The study was performed with interviews and workshops with industrial experts with years of experience and knowledge about VGT and automated testing in industrial practice. One interviewee was also part of the team that adopted VGT at Spotify. As such, these subjects could provide in depth answers regarding VGT’s life-cycle in their context and valid support to answer the study’s research questions.

Further, the guidelines presented in this work were primarily triangulated with empirical research on VGT performed in industrial practice, thereby ensuring the guidelines validity to help practitioners.

Conclusion validity/Reliability

To improve the reliability of this study, as much detail as possible has been presented regarding the case company, the research process as well as how analysis was performed. These measures should make it possible to judge the validity of this work as well as to replicate the study in similar contexts to the one described. Additionally, references have been added to clarify the methods used in this work, e.g. case study design (Runeson and Höst 2009; Runeson et al. 2012), Grounded theory (Glaser and Strauss 2009), open coding (Saldaña 2012), snowball sampling (Kendall et al. 2008), etc., to endorse the study’s replication.


This paper presents the results of a single, embedded, case study focused on the long-term use of Visual GUI Testing and automated GUI-based testing at the software application development company Spotify. The case study’s results were acquired from two workshops and four (4) interviews with five (5) carefully chosen individuals from different parts of Spotify’s organization to provide a representative view of the company’s use of automated GUI-based testing. These results were then analyzed using Grounded theory to acquire the study’s main conclusions.

Based on the study’s results it was concluded that VGT, with Sikuli, can be used long-term in industrial practice but that there are many challenges associated with the technique, e.g. high maintenance costs of images, that some VGT tools have limited applicability for mobile application testing, etc. Because of these challenges Spotify have now abandoned VGT in most projects in favor of a 2nd generation approach referred to as the Test interface. The Test interface has several beneficial traits, including higher flexibility in Spotify’s context than Sikuli as well as lower maintenance costs. However, the Test interface approach does not verify that the pictorial GUI conforms to the system’s requirements and still suffers from the same synchronization problems as other automated test techniques, including VGT.
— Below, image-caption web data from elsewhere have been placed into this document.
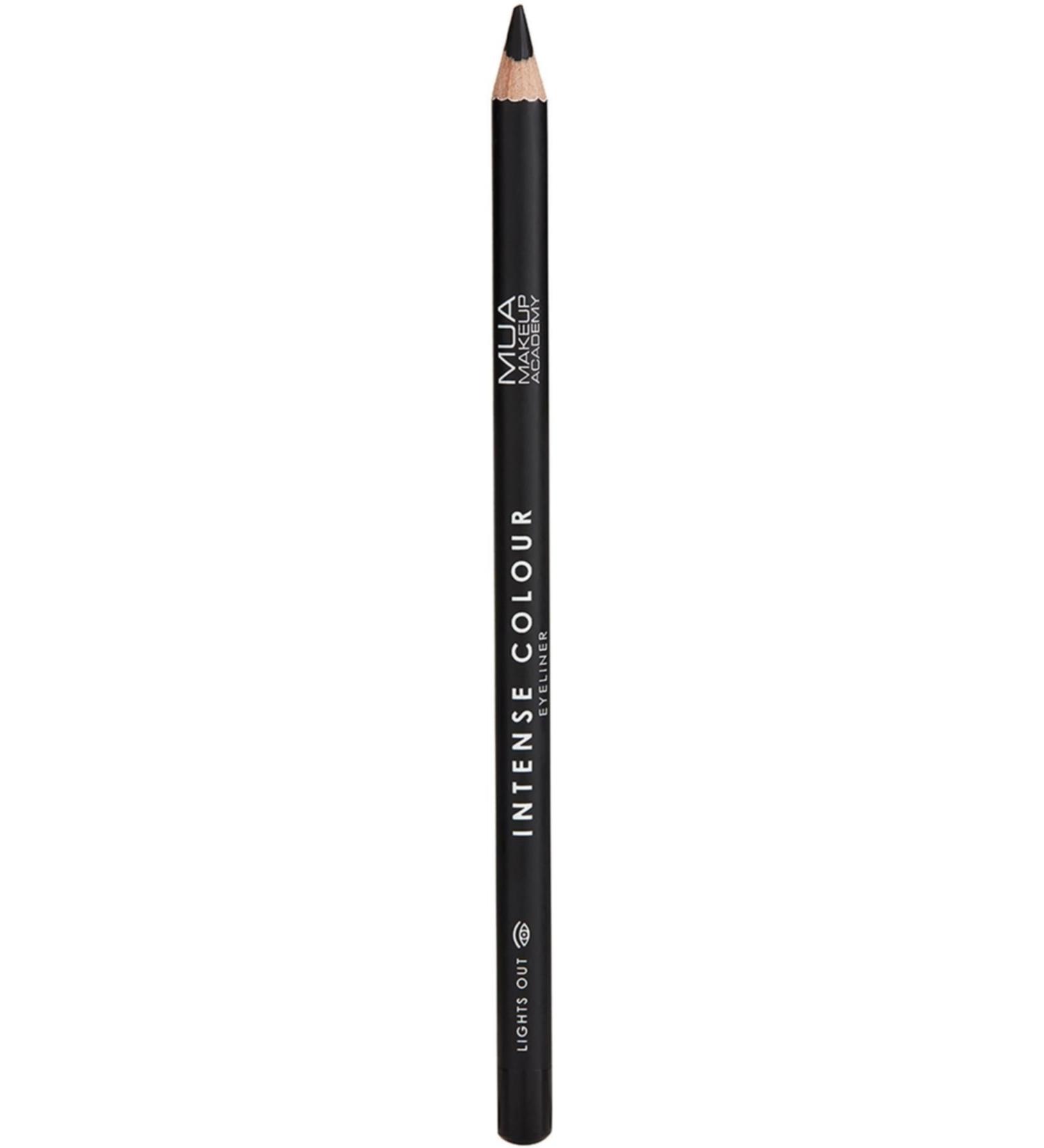 Make Up Academy Brand: Int. Colour Eye Pencil - Lights Out Category: Eye Pencil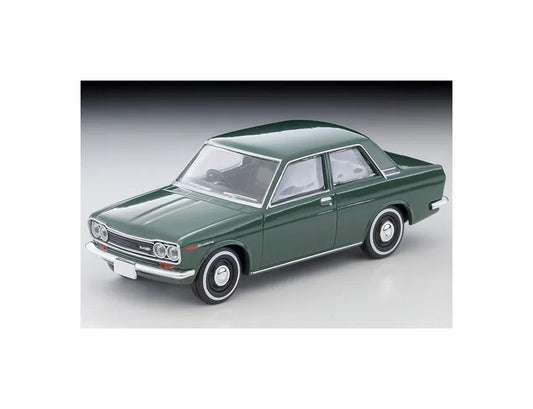 Tomica Limited Vintage LV-219a 1970 DATSUN BLUEBIRD 2 Door 1400 Standard (Green)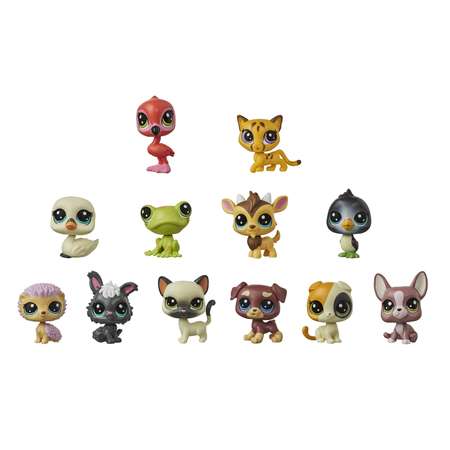 Набор игровой Littlest Pet Shop Уютный домик для петов в непрозрачной упаковке (Сюрприз) E74335L4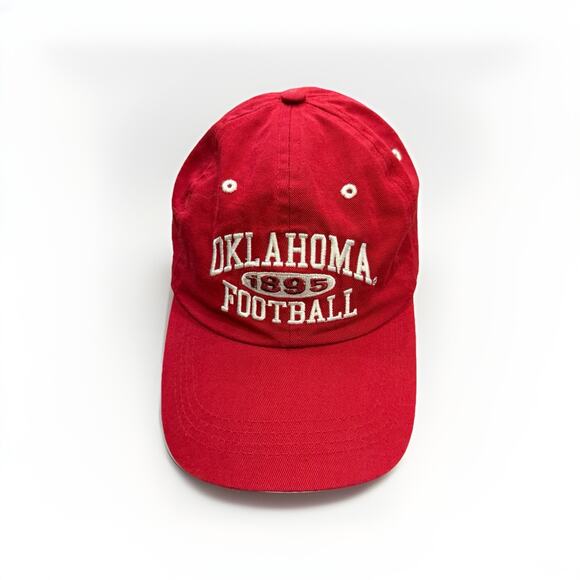 University Of Society Other - Oklahoma Sooners Vintage The Game Red/White Baseball Cap/Hat Size Large/X-Large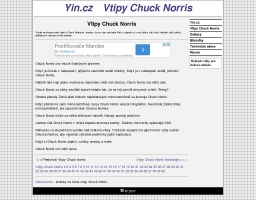 Vtipy Chuck Norris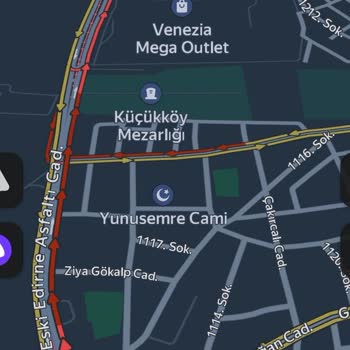 İBB - İstanbul Büyükşehir Belediyesi G. O. P Karadeniz Mh Trafik Sorunu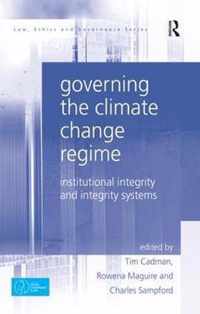 Governing the Climate Change Regime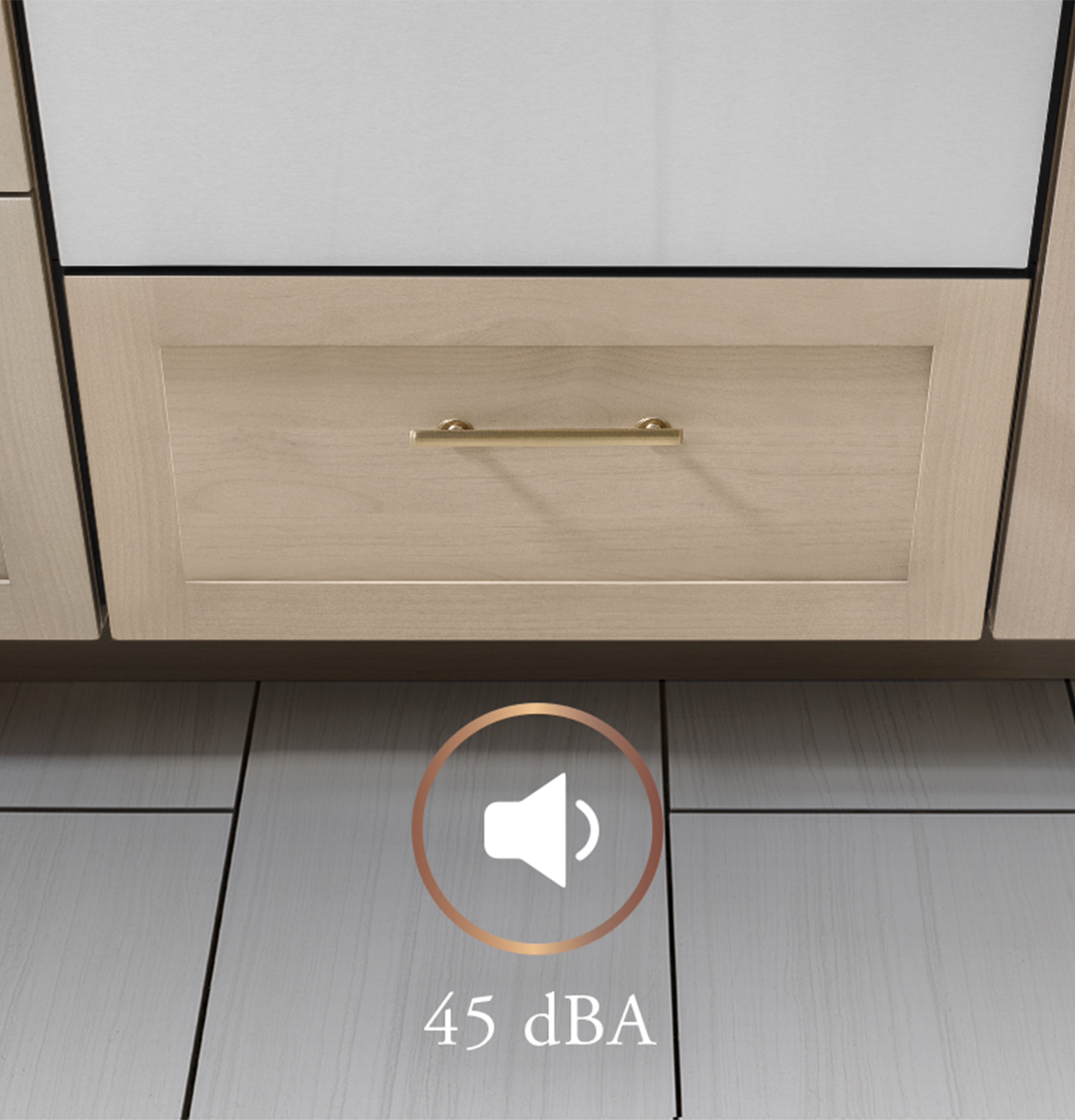 Model: CDD220P2WS1 | Cafe Café™ ENERGY STAR Smart Single Drawer Dishwasher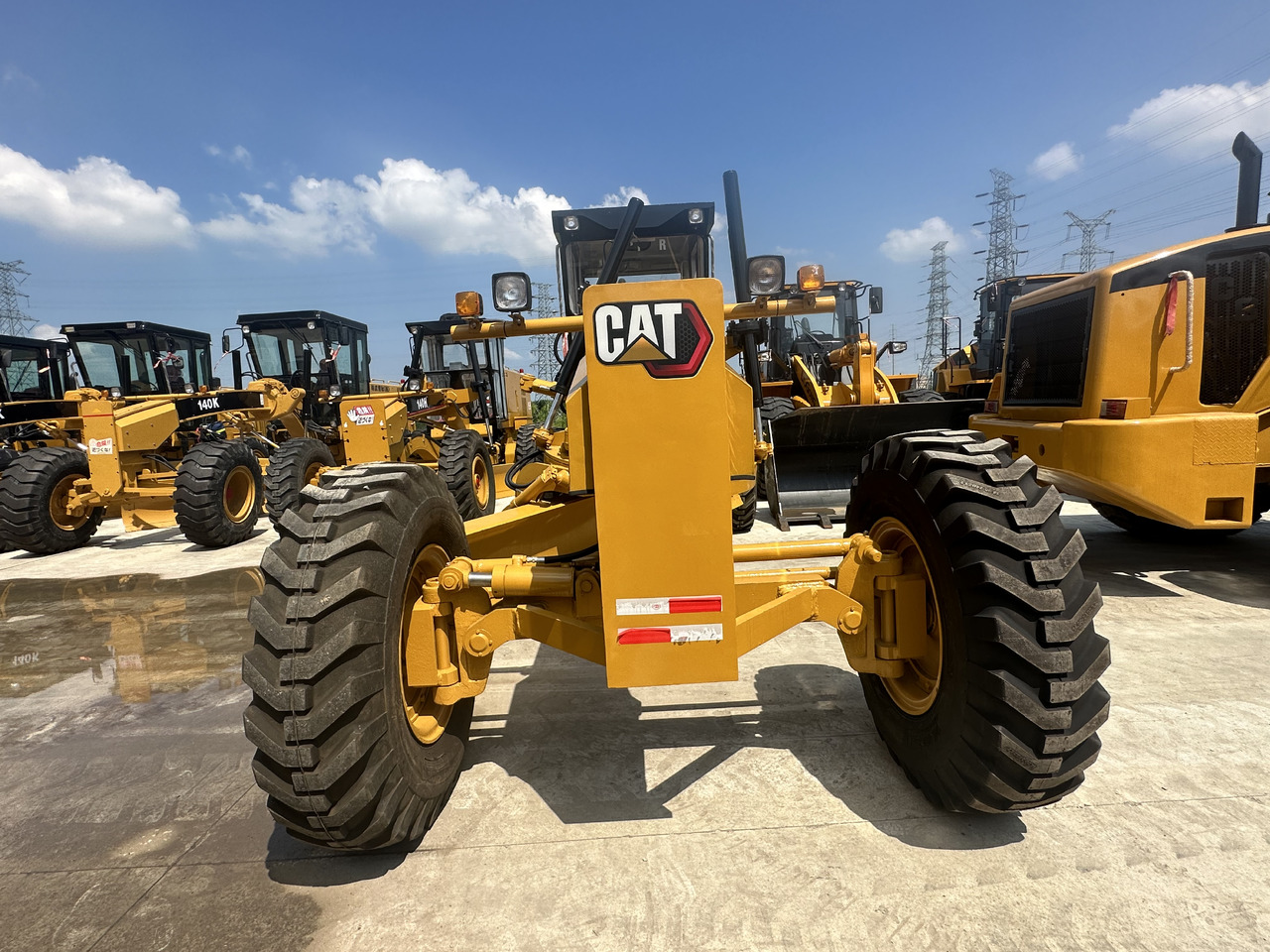 GRADER CAT 140G GRADER | Ideal for Mining & Demolition | Global Export & COD Accepted - Niveleuse: photos 3 GRADER CAT 140G GRADER | Ideal for Mining & Demolition | Global Export & COD Accepted - Niveleuse: photos 3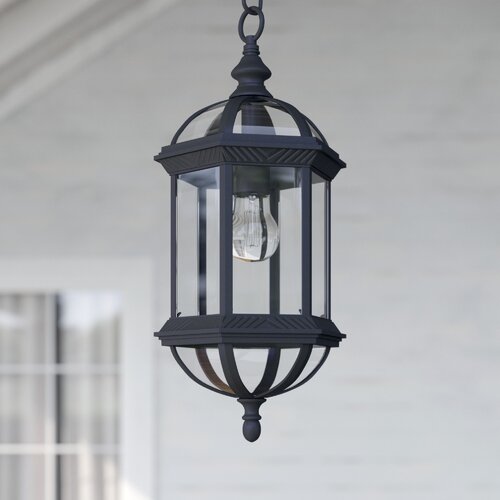 Three Posts™ Affric Outdoor Hanging Lantern & Reviews | Wayfair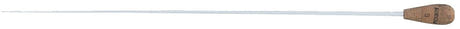 Pick Boy dirigentstok i hvid glasfiber, 46 cm, model G, korkgreb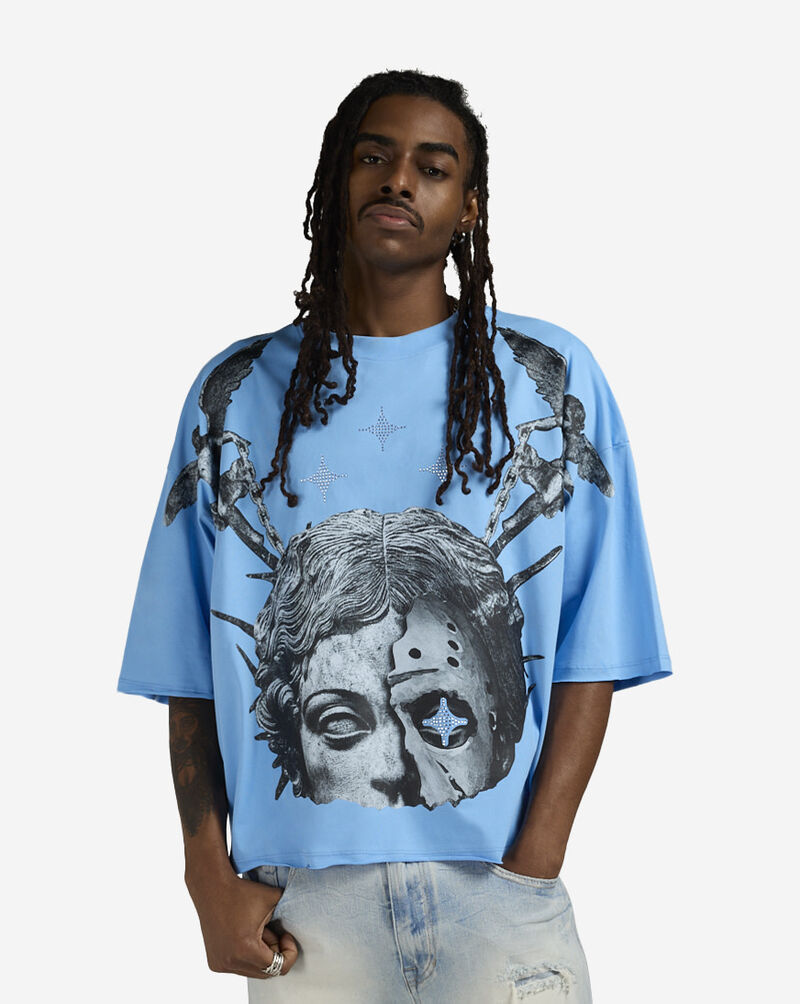 Roku Studio Fearless Tee RK1481896-UNI Blue 1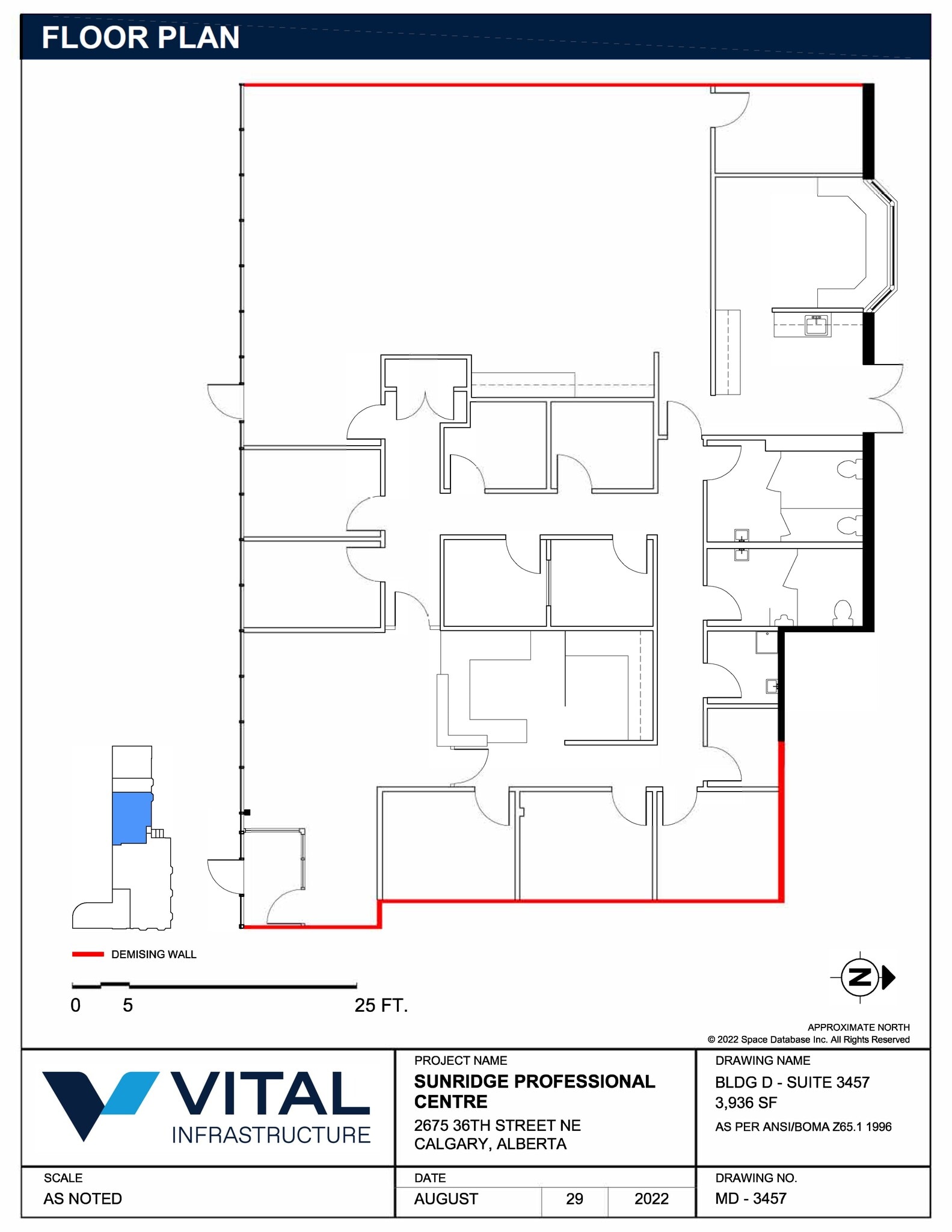 2675 36th St NE, Calgary, AB for lease Site Plan- Image 1 of 1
Further, it was determined that Spotify’s test process is well integrated into the company’s organization, which, together with engineering best practices, were instrumental to VGT’s successful adoption at the company. Based on a synthesis of these results, combined with results from previous and related work, 14 practitioner oriented guidelines could be defined for the adoption, use and long-term use of VGT in industrial practice.

This study thereby provides an explicit contribution to the body of knowledge of VGT about the long-term industrial use of the technique. Additionally, the study provides a general contribution to the body of knowledge of software engineering that is currently missing studies that focus on the long-term perspective of research solution’s use and challenges in industrial practice.